● Records supplied:
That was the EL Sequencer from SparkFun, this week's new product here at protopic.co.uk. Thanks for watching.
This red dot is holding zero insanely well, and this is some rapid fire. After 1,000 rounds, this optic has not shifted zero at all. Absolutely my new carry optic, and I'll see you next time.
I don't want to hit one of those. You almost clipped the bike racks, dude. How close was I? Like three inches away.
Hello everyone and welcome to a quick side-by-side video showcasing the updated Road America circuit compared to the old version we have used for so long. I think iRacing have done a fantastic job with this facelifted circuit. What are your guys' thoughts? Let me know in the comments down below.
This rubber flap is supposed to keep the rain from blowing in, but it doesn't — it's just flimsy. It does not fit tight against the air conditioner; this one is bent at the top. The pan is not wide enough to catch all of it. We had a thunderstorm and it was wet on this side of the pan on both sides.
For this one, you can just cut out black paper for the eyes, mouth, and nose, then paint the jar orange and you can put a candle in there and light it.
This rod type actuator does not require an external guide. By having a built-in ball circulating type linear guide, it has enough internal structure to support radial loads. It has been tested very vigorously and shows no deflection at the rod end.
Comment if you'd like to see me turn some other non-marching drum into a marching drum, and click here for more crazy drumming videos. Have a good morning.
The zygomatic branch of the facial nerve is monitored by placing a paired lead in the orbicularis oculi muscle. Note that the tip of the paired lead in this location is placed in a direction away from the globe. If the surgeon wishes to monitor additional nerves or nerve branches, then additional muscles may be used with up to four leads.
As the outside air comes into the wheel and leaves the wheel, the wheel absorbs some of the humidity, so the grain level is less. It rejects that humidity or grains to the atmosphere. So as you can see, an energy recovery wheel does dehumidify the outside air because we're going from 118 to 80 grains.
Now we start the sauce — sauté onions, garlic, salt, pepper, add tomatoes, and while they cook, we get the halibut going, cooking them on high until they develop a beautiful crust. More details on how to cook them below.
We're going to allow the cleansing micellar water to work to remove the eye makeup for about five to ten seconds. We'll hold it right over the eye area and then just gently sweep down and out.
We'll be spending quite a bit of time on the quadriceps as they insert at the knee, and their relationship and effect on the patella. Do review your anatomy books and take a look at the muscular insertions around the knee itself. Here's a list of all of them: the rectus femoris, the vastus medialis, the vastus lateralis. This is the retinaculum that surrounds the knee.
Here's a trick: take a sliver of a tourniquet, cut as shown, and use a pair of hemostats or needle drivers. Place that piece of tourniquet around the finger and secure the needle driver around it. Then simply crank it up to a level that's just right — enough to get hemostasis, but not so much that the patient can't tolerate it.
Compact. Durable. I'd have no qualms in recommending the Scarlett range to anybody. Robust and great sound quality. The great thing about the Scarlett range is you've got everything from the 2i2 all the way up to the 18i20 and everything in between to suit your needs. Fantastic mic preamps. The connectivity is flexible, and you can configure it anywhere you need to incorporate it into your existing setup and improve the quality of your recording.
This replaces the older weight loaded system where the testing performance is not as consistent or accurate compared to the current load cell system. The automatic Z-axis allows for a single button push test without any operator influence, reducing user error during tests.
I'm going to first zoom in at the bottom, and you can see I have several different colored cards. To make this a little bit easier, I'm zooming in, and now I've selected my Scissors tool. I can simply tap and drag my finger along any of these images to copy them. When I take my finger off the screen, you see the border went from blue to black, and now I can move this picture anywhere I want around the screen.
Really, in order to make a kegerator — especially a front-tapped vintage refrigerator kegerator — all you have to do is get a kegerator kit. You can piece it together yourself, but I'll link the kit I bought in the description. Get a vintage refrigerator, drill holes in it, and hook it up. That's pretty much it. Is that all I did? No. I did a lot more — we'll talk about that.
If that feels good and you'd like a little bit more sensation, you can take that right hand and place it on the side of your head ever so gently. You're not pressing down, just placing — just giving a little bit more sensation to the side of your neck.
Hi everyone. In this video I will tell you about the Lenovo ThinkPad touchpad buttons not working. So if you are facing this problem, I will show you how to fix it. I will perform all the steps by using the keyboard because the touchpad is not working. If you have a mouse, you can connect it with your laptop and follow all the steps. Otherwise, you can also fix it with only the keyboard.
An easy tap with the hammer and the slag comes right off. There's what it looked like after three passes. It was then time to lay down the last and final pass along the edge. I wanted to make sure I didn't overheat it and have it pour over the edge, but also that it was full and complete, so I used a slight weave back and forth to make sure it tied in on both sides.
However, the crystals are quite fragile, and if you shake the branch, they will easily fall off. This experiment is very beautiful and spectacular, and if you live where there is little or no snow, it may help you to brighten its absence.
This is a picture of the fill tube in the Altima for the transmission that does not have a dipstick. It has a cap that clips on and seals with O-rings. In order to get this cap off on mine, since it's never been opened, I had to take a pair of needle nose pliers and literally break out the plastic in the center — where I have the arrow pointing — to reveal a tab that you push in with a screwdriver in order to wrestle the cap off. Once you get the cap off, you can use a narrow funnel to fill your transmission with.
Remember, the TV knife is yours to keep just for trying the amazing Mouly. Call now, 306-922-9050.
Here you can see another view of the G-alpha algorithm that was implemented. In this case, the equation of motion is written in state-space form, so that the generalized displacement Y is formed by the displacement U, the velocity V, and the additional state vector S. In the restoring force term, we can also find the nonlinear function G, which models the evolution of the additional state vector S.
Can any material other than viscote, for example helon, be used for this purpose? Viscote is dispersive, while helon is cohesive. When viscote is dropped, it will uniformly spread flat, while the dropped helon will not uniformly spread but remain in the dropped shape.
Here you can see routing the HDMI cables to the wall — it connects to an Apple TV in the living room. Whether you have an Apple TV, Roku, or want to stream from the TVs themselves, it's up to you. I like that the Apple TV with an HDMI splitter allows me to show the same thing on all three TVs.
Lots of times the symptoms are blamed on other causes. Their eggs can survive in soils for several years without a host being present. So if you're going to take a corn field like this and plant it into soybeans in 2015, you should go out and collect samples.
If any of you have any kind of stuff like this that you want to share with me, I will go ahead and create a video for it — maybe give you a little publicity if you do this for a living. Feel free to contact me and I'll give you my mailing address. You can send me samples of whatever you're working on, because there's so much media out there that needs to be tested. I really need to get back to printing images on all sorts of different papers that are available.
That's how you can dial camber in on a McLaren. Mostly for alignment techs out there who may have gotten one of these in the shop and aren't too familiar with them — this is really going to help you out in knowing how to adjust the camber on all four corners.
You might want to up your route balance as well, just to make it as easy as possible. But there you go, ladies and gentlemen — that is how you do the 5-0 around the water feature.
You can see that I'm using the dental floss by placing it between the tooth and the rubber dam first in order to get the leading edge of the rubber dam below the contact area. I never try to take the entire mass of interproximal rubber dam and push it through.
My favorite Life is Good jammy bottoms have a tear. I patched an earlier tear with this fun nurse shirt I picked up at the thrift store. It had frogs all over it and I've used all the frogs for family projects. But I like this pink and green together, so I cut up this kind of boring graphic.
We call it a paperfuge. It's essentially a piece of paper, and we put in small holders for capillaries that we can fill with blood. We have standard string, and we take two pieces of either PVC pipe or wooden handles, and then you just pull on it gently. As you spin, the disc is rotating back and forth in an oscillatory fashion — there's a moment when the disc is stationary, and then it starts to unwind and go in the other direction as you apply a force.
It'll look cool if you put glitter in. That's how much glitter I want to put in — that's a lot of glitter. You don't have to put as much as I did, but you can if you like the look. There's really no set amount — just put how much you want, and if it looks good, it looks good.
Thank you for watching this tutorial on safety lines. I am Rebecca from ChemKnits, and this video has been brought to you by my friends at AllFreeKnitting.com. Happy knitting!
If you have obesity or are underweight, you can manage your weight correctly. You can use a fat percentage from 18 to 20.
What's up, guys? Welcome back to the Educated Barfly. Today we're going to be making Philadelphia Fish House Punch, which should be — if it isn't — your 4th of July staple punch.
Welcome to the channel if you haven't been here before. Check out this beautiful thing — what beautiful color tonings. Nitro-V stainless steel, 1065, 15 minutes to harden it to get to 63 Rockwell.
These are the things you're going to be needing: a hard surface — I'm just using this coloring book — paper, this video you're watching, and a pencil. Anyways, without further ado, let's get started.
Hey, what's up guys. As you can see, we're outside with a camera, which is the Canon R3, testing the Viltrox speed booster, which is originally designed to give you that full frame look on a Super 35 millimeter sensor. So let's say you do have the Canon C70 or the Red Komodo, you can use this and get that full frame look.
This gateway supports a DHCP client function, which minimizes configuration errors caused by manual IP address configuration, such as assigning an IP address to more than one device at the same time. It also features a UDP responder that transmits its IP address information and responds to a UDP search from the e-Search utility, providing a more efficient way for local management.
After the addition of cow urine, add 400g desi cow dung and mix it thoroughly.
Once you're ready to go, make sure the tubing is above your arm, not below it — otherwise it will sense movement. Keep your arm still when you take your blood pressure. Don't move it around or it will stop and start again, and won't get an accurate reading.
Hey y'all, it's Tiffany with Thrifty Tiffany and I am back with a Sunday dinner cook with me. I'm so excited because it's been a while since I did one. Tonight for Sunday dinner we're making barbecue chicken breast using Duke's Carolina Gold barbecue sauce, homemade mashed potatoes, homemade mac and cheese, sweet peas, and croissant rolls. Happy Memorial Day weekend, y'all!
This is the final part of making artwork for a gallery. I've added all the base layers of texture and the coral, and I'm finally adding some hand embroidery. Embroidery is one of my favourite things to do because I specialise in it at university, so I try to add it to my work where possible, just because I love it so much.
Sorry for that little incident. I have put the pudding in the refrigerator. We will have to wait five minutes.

● What the exercise asks: Scan the material above. Copy each line where "sauce" occurs.

● Result below:
Now we start the sauce — sauté onions, garlic, salt, pepper, add tomatoes, and while they cook, we get the halibut going, cooking them on high until they develop a beautiful crust. More details on how to cook them below.
Hey y'all, it's Tiffany with Thrifty Tiffany and I am back with a Sunday dinner cook with me. I'm so excited because it's been a while since I did one. Tonight for Sunday dinner we're making barbecue chicken breast using Duke's Carolina Gold barbecue sauce, homemade mashed potatoes, homemade mac and cheese, sweet peas, and croissant rolls. Happy Memorial Day weekend, y'all!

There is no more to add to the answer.